Monday, December 19, 2011

Former German count strikes copper in USA

December 19, 1907

Couns Hans Friedrich von Hochberg, a member of the princely family of Pless, renounced his "title and all claims to inheritance," due to his marriage with a shop girl, reports the New York Times.

Hans Friedrich, a nephew of Princess Marie of Saxe-Weimar-Eisenach, and a childhood playmate of Crown Prince Wilhelm of Germany,  has found a new career as an American mine promoter.    In less than a year,  he has earned $30,000  and a "fourth interest in a copper mining company, which is really producing ore."

Hans Friedrich caused "a sensation in Court circles," when he suddenly resigned his commission as First Lieutenant in the Royal Food Guards," and came to Ossining, New York.  Several months after his arrival, the scion of German nobility married Louise Carow, a shop girl.

The young count's family planned out a military career for him.  For a time, he served  in "daily attendance at the Imperial Palace as an officer of the Kaiser's personal body guard." 

The young count's duties were, however, "not confining."  It was in Berlin where he met Louise.  He became "infatuated," and after a few months,  "came talk of a scandal.

Hans Friedrich's father, Count Bolko, became enraged when he learned of his son's relationship.   There were plans for the young count to marry a princess.  The wedding was to have taken place in June 1906.    Count Bolko demanded to know what all the rumors were about.    His son stated that "I will marry the girl."

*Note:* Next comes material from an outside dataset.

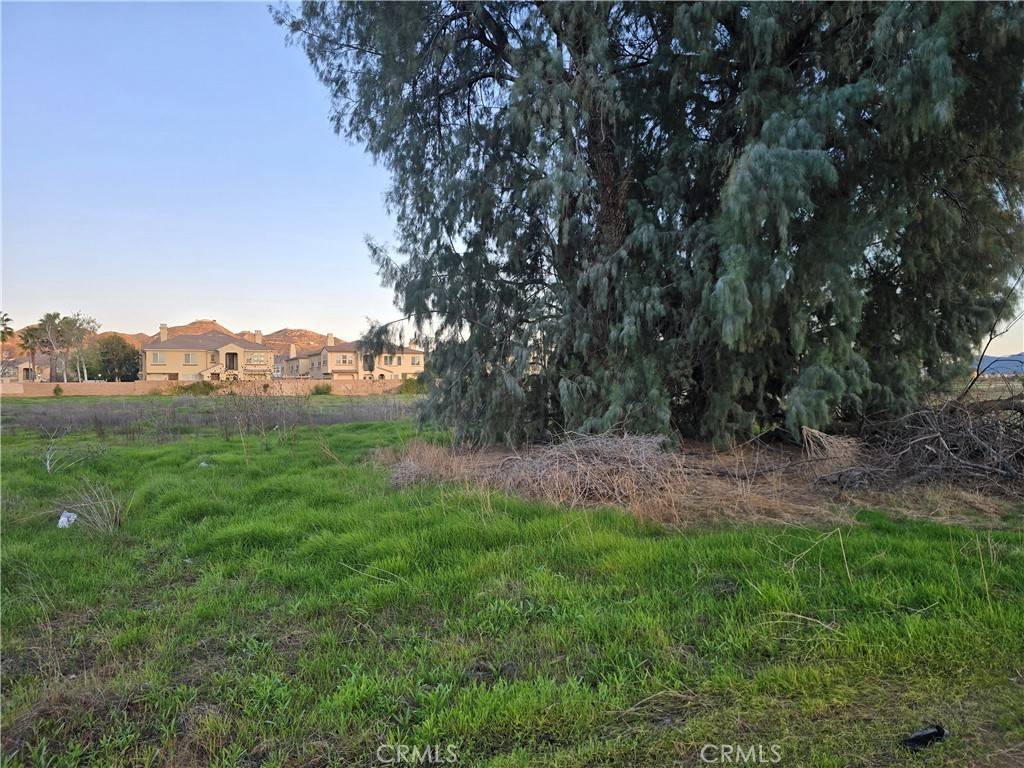 Lake Elsinore, CA 92530,0 Herbert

The engagement between Count Hans Friedrich and the unnamed princess was broken off, and the young count was packed off to America by his father.  Once he arrived in New York,  Hans Friedrich decided "not to accept his father's gratuity."  He found work as a chauffeur with the Maxwell-Briscoe Company in Tarrytown, New York.    In August 1906, he sent a cable to Fraulein Carow to come to America.  She did, and they were married on September 9 at a boarding house in Ossining.  

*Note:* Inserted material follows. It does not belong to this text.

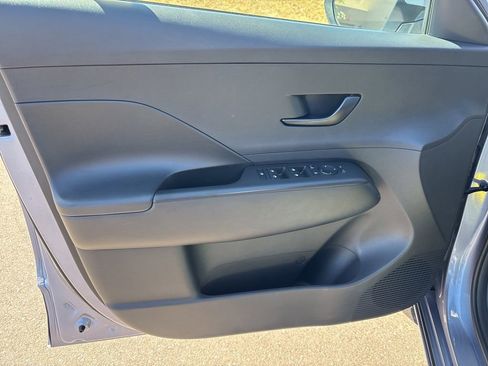Certified 2024 Hyundai Kona SEL FWD image 11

The couple's first child, a daughter, Johanna, was born several months later. The news of the marriage "was spread broadcast in Germany."  Hans Friedrich, who continued to work as a chauffeur, received "many business offers."   One playwright "quickly wrote a play" about how the count "had renounced fame and fortune to marry the girl he had wronged."  The playwright wanted Hans Friedrich to play the leading role.

Hans Friedrich rejected the offer.  "I do not care to bring any more disgrace upon my family than has already been brought forward already.  He also turned down an offer to drive a car up Pike's Peak, which would have provided a bonus to the advertising company.  But Louise did not want her husband to risk his life.

He did not earn a lot of money as a chauffeur, but he and his wife "were very happy.   Noah E. Barnes, a Colorado mining man, had read about Hans Friedrich's story and "decided that the Count's name would look well on the prospectus of a mining company."   Barnes wanted to move into the German market, and the count's name on a prospectus would open many doors in Germany.  Barnes made overtures to the count, which were accepted.

The two men returned to Colorado, and began prospecting.  They discovered a copper lode.  A new company was formed, and the two men began to benefit from the success.   This past spring, Count von Hochberg and his wife and daughter sailed to Germany.  He booked a suite at the the Kaiserhof hotel in Berlin, while his wife and daughter went to stay with her family. 

Family and friends flocked to the hotel to see Hans Friedrich, welcoming him home.  But this welcome was not extended to his wife.  It was as if "she never existed."

The only member of Hans's family who rebuffed him was his father, who would not receive him.

There was also a hint of trouble for the count.  Because he had abandoned his military position, he was threatened with court martial.  This was soon smoothed out by the German Ambassador to the United States, Baron Speck von Sternburg.

Several weeks after his arrival, the Count finally "sprung his mining scheme," and told about how he wanted to sell stock.  But in order to continue to promote his prospectus, he had to give up his title.   He renounced his title on July 18, 1907, according to the latest edition of the Almanach de Gotha.

He stayed in Germany for several more weeks, selling all the stock, and then, with his wife and daughter, returned to the United States.  He came to Germany as a count,  but he left as Hans Frederick Barnes.